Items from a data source
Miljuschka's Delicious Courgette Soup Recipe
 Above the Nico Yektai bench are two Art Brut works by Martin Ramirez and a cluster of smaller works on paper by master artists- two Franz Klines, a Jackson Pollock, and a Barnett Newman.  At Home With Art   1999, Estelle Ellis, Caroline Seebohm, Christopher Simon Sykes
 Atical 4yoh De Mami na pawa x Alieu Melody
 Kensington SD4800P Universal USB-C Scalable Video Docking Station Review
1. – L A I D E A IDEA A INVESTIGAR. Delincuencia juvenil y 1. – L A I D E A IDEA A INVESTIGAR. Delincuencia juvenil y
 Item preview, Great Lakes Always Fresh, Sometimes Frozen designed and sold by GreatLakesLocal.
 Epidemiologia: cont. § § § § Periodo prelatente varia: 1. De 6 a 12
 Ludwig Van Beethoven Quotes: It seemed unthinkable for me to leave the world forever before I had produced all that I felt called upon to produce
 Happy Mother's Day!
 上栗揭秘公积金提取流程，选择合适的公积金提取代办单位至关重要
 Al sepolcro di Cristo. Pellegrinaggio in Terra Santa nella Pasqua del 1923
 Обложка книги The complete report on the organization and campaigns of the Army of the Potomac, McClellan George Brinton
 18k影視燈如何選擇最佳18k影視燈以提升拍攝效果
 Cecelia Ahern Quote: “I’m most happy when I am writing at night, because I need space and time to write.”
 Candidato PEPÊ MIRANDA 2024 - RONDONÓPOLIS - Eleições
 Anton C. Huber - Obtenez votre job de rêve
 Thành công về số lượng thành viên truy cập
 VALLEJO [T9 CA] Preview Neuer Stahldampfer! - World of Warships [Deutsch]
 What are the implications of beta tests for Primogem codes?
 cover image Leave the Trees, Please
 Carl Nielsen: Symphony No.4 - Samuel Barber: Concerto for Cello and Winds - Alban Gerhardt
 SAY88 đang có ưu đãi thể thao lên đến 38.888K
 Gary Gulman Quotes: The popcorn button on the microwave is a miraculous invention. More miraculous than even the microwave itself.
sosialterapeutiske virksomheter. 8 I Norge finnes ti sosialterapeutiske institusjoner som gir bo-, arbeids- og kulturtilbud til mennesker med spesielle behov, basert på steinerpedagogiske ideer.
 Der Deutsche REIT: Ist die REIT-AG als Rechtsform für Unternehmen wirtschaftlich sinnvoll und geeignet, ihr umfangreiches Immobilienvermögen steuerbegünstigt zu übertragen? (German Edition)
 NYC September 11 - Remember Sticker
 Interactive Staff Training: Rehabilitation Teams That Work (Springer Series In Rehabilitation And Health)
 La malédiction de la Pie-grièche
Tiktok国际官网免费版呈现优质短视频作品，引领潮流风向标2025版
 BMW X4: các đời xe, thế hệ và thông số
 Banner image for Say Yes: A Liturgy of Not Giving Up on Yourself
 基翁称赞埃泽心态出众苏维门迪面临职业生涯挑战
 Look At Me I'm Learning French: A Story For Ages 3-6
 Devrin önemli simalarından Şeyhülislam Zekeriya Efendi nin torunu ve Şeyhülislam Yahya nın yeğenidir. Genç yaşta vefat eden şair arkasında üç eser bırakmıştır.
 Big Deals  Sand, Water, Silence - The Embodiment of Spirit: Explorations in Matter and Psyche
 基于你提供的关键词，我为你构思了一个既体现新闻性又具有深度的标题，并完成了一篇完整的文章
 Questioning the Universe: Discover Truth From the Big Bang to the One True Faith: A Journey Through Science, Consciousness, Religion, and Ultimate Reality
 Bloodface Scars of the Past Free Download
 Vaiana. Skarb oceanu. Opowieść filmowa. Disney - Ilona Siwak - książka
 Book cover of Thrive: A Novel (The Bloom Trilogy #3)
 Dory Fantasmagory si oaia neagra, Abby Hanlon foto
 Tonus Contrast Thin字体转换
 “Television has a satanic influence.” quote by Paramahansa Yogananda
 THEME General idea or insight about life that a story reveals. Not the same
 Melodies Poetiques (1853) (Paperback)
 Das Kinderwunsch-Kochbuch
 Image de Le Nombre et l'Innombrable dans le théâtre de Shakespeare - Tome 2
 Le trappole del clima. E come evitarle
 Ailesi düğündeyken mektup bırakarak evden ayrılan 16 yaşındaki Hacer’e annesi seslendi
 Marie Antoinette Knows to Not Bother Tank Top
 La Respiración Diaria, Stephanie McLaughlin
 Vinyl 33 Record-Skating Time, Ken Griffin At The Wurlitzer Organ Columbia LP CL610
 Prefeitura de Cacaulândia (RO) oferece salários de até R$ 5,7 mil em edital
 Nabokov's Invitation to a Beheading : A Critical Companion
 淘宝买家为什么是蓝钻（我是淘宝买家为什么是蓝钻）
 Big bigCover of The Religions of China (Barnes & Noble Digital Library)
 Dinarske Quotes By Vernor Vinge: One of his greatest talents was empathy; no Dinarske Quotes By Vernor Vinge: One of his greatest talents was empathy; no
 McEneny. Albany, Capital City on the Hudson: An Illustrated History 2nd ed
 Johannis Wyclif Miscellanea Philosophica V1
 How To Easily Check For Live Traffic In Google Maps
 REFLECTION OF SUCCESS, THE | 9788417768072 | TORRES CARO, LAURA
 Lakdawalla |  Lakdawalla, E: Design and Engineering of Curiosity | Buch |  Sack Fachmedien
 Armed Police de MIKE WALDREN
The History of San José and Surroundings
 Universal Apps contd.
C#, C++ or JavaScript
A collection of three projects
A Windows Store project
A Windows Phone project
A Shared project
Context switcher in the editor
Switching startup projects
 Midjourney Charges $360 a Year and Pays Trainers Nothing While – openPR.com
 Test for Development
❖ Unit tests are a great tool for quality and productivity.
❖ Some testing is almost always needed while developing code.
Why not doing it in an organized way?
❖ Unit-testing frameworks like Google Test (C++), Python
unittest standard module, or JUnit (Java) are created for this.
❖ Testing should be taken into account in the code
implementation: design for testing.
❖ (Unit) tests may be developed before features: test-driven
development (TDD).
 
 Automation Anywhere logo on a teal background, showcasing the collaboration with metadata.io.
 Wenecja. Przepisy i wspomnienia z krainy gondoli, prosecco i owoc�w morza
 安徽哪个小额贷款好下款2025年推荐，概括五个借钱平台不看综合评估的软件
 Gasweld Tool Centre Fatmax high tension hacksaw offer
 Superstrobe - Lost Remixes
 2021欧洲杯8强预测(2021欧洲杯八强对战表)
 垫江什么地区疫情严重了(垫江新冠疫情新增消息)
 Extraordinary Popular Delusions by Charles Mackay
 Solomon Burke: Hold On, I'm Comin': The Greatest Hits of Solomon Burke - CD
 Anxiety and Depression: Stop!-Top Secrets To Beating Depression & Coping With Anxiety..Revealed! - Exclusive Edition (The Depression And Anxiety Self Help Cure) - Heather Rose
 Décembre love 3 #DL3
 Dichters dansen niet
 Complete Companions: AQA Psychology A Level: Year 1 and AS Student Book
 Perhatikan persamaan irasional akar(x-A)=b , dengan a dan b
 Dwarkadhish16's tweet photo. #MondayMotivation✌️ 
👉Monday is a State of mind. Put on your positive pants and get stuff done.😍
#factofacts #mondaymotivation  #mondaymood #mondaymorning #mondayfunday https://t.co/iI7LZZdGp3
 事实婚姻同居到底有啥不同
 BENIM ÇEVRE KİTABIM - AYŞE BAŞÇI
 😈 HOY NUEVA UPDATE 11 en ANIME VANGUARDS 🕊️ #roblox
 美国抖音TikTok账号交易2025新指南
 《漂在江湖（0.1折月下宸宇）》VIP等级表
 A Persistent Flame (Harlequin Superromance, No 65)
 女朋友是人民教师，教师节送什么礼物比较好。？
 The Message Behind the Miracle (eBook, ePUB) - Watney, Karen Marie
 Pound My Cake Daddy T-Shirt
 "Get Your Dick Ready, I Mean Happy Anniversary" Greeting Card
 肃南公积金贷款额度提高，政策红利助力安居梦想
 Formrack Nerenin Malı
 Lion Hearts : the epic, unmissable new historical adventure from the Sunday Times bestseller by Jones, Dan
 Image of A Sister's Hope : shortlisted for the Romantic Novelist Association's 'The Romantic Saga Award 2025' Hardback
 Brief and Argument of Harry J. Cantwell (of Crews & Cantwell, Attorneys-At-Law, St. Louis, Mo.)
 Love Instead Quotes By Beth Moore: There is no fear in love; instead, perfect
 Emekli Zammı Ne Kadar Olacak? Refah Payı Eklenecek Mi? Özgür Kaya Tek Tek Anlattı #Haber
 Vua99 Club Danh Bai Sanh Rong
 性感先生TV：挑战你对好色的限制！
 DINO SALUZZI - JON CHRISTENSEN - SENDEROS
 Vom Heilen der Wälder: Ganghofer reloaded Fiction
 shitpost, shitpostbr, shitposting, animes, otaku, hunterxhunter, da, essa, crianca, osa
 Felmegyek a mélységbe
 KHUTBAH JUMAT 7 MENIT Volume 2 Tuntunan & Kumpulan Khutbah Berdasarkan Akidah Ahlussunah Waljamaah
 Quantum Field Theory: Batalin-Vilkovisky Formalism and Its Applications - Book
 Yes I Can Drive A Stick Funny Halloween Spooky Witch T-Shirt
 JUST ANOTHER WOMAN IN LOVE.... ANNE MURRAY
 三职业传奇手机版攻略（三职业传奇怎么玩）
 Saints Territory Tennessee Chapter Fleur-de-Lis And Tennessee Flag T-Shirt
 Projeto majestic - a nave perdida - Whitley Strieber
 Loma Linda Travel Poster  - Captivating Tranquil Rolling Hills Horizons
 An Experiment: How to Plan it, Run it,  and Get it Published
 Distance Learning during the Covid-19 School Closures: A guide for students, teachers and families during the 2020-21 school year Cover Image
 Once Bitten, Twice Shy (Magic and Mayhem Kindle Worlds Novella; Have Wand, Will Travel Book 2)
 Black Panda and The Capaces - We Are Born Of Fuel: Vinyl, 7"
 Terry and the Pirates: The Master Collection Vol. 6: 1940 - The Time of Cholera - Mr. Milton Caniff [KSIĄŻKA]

TASK DIRECTIONS
All that is wanted is the number of lines in the records that include the string "Vinyl".

TASK SOLUTION
2